By 03 May 2019No Comments

Anthony Pesec has called for the Privacy Act to be applied to politicians and political parties.

“It is indefensible that the Privacy Act does not apply to information about Australian citizens collected by politicians and political parties”, Mr Pesec said.

“Many parties are utilising sophisticated databases and voter-targeting systems that store a great deal of highly-sensitive information about individuals.

“It’s not a matter of if, but when, one of these systems will be breached.”

Removing the Privacy Act exemption will require politicians and parties to notify both the Privacy Commissioner and affected individuals if their systems are breached and will also require them to develop proper information security and privacy procedures.

“We’re seeing both state and non-state actors actively attempting to influence elections worldwide through digital channels.
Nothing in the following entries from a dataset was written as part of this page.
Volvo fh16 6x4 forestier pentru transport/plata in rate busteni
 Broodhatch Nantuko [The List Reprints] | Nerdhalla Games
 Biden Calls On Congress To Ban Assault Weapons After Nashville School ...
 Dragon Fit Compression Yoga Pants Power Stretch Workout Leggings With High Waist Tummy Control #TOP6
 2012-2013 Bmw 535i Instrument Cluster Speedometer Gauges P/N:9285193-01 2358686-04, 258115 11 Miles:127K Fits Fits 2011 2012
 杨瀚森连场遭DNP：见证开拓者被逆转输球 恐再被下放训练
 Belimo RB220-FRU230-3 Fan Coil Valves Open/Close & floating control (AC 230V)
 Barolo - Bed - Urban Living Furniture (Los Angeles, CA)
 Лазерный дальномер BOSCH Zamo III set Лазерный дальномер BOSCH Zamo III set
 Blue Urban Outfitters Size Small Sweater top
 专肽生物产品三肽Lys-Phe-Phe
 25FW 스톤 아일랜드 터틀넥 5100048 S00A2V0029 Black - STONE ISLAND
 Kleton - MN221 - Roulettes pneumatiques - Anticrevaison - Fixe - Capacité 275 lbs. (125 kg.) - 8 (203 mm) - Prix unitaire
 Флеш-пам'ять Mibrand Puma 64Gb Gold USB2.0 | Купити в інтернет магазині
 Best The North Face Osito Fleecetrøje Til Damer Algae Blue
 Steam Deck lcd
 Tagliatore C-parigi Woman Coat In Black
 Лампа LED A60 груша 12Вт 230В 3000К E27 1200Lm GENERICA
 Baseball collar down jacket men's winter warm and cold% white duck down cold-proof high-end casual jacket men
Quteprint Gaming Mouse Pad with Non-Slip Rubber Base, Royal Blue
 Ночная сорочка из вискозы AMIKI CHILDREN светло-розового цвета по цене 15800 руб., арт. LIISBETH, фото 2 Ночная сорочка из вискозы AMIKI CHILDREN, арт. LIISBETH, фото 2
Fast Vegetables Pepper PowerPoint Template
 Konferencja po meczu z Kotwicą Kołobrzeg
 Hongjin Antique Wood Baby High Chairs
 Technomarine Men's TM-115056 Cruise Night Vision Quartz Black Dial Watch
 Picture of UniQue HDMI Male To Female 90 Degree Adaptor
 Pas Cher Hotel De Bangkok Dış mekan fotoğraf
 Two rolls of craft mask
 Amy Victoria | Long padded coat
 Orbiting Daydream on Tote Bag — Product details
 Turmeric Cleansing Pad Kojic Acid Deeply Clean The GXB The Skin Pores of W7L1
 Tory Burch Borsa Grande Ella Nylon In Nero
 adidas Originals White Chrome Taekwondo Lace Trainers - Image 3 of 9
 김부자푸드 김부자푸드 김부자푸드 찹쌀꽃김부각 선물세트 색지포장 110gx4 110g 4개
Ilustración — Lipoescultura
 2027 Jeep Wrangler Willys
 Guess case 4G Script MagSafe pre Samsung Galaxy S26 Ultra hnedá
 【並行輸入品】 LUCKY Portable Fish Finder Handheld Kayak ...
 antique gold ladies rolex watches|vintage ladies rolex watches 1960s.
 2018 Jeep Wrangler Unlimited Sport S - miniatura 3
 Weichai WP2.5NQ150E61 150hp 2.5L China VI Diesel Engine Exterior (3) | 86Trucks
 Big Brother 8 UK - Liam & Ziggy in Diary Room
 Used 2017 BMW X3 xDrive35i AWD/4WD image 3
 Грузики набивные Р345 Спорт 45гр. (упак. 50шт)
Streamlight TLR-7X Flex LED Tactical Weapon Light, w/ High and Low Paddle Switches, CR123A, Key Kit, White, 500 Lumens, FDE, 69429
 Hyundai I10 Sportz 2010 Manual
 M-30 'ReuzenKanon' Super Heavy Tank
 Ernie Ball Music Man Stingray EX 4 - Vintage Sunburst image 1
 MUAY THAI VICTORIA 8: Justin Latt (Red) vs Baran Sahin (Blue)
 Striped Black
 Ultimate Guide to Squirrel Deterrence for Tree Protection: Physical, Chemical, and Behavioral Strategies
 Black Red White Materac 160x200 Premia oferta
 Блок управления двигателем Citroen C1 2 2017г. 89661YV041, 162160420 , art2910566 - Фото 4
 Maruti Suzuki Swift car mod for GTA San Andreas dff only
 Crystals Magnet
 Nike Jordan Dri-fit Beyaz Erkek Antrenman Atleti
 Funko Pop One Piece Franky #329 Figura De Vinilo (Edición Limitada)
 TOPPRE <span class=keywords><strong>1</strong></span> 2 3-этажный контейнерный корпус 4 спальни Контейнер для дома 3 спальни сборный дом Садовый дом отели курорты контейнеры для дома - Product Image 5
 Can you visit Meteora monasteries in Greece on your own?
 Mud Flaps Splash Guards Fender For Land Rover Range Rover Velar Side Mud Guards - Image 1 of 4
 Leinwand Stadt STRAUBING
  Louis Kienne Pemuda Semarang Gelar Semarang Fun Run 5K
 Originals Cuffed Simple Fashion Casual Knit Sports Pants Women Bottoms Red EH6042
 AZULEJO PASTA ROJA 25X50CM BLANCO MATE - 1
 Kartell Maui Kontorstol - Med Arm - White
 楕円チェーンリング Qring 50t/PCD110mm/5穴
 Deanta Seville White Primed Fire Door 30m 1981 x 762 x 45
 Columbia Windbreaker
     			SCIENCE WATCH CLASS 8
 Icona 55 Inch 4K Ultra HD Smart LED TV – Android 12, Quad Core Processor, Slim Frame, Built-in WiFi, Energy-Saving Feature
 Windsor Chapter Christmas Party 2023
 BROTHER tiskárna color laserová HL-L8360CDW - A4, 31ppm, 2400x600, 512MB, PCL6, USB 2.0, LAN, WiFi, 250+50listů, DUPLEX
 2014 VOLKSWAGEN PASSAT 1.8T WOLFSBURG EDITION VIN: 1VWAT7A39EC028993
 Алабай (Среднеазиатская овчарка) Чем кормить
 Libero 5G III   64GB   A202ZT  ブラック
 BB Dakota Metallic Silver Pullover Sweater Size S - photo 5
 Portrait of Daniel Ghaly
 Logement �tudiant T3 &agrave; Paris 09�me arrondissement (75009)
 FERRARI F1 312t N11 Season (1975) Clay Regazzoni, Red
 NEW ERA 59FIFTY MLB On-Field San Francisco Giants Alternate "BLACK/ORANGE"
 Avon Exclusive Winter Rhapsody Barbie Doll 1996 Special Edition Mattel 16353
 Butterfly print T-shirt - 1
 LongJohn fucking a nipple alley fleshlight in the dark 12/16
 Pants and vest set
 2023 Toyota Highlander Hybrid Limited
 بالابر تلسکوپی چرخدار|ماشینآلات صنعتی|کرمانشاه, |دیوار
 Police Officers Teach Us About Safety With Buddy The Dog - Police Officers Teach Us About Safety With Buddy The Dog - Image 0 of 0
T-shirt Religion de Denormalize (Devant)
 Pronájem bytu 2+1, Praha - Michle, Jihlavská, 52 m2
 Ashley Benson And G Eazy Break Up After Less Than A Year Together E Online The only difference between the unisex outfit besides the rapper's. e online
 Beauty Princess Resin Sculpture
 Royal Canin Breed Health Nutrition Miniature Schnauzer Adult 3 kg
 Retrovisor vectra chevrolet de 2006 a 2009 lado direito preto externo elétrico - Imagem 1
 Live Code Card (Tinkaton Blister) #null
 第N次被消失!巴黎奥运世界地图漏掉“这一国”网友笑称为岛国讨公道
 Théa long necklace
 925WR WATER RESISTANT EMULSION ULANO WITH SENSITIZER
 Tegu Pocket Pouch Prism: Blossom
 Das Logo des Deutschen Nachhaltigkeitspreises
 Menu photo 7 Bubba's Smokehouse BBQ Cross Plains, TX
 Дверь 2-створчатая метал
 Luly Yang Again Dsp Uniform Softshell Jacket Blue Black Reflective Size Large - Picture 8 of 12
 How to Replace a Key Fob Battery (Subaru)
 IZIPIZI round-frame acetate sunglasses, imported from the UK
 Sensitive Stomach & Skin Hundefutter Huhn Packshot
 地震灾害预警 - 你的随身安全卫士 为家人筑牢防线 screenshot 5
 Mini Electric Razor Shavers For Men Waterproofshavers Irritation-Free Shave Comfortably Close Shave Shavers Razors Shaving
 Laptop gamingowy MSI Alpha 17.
Any breach of a party’s systems will therefore potentially undermine our democratic process.

“I expect the major parties to resist this change, which is why voting Independent at this election is crucial to restoring faith in our democracy.”

Mr Pesec also called for proper resourcing of the Office of the Australian Information Commissioner (OAIC).

“Under the current government, the OAIC has been starved of funding, greatly reducing its ability to investigate privacy breaches and to oversee Freedom of Information issues.

“For the last four years, the three Commissioner posts within the OAIC – Information, Privacy and Freedom of Information – have been assigned to a single individual.

“If elected, I will work to ensure that the OAIC is properly-funded and that all three Commissioner posts are filled by separate, full-time Commissioners.

“I will also push for a comprehensive review of the Privacy Act, with the goal of achieving a ruling of adequacy from the European Commission.

“The European Commission currently considers Australia’s Privacy Act to provide inadequate protection to allow the free flow of data between Australia and the European Union.  The privacy laws of New Zealand, South Korea and Japan are all considered adequate by the European Commission. This is a massive competitive disadvantage for Australian digitally-focused businesses.”